ALU opcodes use the keyword op
followed by several components:
- operation (required)
OP_B, OP_ADD, OP_SUB, OP_AND, OP_OR, OP_XOR, OP_SHR
- ALU_B (required)
B_TOS, B_NOS, B_TOR, B_MEM, B_IN, B_1, B_N1
- Write selector
WN,WT,WR,W0,W1,W2,W3
- DSP adjust
DSPI, DSPD, DSPD2
- RSP adjust
RSPI, RSPD, RSPD2
- Carry to be used for + -
CIN
Many Forth instructions can generally be synthesized as a single operation:
dup: op OP_B,B_TOS, DSPI,WN ;inc DSP and copy TOS into it
swap: op OP_B,B_NOS, WN ;write TOS->NOS, read NOS->TOS
over: op OP_B,B_NOS, DSPI,WN ;read NOS, push TOS onto dstack
drop: op OP_B,B_NOS, DSPD
add: op OP_ADD,B_NOS, DSPD ;add tos+nos, adjust dstack
push: op OP_B,B_NOS, DSPI, RSPI,WR;
dec: op OP_ADD,B_N1
not: op OP_XOR,B_N1
neg: op OP_SUB,B_0
These may be made into macros using fasmg:
macro push?
op OP_B,B_NOS,DSPD,RSPI,WR
end macro
...
; TUCK (a,b-- b.a,b
tuck: swap
over
; IIs there a better way
; ROT (a,b,c--b,c,a)
rot: push ;(a,b--
swap ;(b,a--
pop ;(b,a,c
swap ;(b,c,a
jsr, jmp and conditional jumps have versions that also drop. To simulate compare/jump instructions that do not alter the original value:
lit '0'
op OP_SUB,B_NOS ;(v,test
jzd .zero ;(v
Other times it may be useful to test the result of the operation:
lit '0'
op OP_SUB,B_NOS,DSPD ;( v-$30
jc .too_low
...
Memory reads require two, but keep in mind that other operations may be performed simultaneously.

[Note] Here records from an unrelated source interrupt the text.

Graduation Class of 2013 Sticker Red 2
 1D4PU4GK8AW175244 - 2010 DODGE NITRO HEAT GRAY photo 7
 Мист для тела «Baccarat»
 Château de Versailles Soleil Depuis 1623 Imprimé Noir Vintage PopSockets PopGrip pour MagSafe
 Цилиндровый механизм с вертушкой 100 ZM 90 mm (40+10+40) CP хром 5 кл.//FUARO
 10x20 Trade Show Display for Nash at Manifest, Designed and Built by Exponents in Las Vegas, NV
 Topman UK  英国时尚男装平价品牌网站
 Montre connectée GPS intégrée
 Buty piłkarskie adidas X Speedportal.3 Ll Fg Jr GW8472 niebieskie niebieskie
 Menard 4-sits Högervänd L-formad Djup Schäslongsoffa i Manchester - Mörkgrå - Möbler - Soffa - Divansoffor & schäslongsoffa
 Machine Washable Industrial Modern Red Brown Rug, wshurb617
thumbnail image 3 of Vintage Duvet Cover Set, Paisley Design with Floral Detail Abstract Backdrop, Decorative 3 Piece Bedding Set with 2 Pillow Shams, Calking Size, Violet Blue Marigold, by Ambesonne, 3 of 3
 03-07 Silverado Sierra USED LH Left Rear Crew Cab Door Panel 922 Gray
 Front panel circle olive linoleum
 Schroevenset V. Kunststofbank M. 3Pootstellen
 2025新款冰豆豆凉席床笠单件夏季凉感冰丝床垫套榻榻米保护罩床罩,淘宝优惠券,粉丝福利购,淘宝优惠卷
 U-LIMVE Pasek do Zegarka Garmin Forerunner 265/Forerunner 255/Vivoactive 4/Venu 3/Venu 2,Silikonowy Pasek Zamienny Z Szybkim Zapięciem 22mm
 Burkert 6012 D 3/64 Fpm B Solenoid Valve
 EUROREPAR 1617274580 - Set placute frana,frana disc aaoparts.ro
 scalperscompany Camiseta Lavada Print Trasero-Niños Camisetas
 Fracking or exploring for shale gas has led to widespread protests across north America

fetch: op OP_B,B_TOS ;issue read from TOS
op OP_B,B_MEM ;result into TOS
Some more interesting examples:
;------------------------------------------------------------------
; double-indirect memory read
op OP_B,B_TOS ;issue read on TOS
op OP_B,B_MEM ;issue read on memory
op OP_B,B_MEM ;issue read on memory
OP_B,B_TOS ;result in TOS
;------------------------------------------------------------------
; Copy cnt words from src to destination:
;
; (cnt,src,dst--
copy: push ; dst onto return stack
push ; src onto return stack
; keep count on datastack
; D R Mem
.loop: lit 1 ;(cnt,1 src
op OP_ADD,B_TOR,WR,DSPD ;(cnt,src++ src++ issued inc src
op OP_B,B_MEM,RSPD ;(cnt,val, dst read val
op OP_B,B_TOR,WM,DSPD ;(cnt,val dst write store
op OP_ADD,B_1,WR,DSPD ;(cnt,dst++ dst++ inc dst
op OP_SUB,B_1,RSPI ;(cnt-- src
jnz .loop
op OP_B,B_NOS,DSPD, RSPD,RET ;drop 0 cnt and return
;----------------------------------------------------------------
; Pass constants at call site, and return past constant:
jsr qqq
lit constant1
...
qqq: lit 1 ;increment value
op OP_ADD,B_TOR,WR ;read constant1 at [B_TOR], TOR+1
op OP_B,B_MEM ;TOS=constant1
...
op ... RET
;----------------------------------------------------------------
; Return from subroutine with the carry flag intact:
...
jc .return
...
.return:
op OP_AND,B_TOS,RSPD,RET ;C-preserving nop just to return
IO
There are 4 output ports addressable directly in the insturction as W0,W1,W2,W3. TOS is written to the specified port. The ports are allocated as:
UART_RD_ACK 0 ;After reading UART RX, acknowlege
UART_WR 1
LED 3
There is a single 18-bit input port, available as an ALU input, configured as
{FROM_UART[7:0],rxready,txready} status bits are active low
To read the UART, you can:
rx: lit 0 ;(0
rxpoll: op OP_SHR,B_IN ;(in>>1
op OP_SHR,B_TOS ;(in>>2 rxready is in C
jc .l1
lit 0
op OP_B,B_NOS,DSPD,W0,RSPD,RET ;strobe ack0, return
To write UART, check for txready first:
tx: lit 0 ;(char,0 reserve space
txpoll: op OP_SHR,B_IN ;(char,stat
jc txpoll ;(char,stat
op OP_B,B_NOS,DSPD ;(char
op OP_B,B_NOS,DSPD,W1,RSPD,RET ;( output,drop
Notes and Observations
On Nano9K, the system should run up to ~40MHz according to reports, but I haven't tried it faster than ~27
Tugman architecture was my first stab at making a CPU over 10 years ago, originally concieved and sketched out at Tugman State Park in Oregon.
Tradeoffs
ISA design is an excercise in juggling multiple factors. In this case, priority was given to:
- Squeezing WLIW instructions into 18 bits;
- Keeping fMAX to around 40MHz on the slow Nano9K
- Keeping overall resource usage to ~6%
This results in limitations on the muxes used -- adding instructions costs lots in fMAX and resources. Splitting the ALU into ALU_OP and ALU_B creates a lot of possible instructions with minimum costs.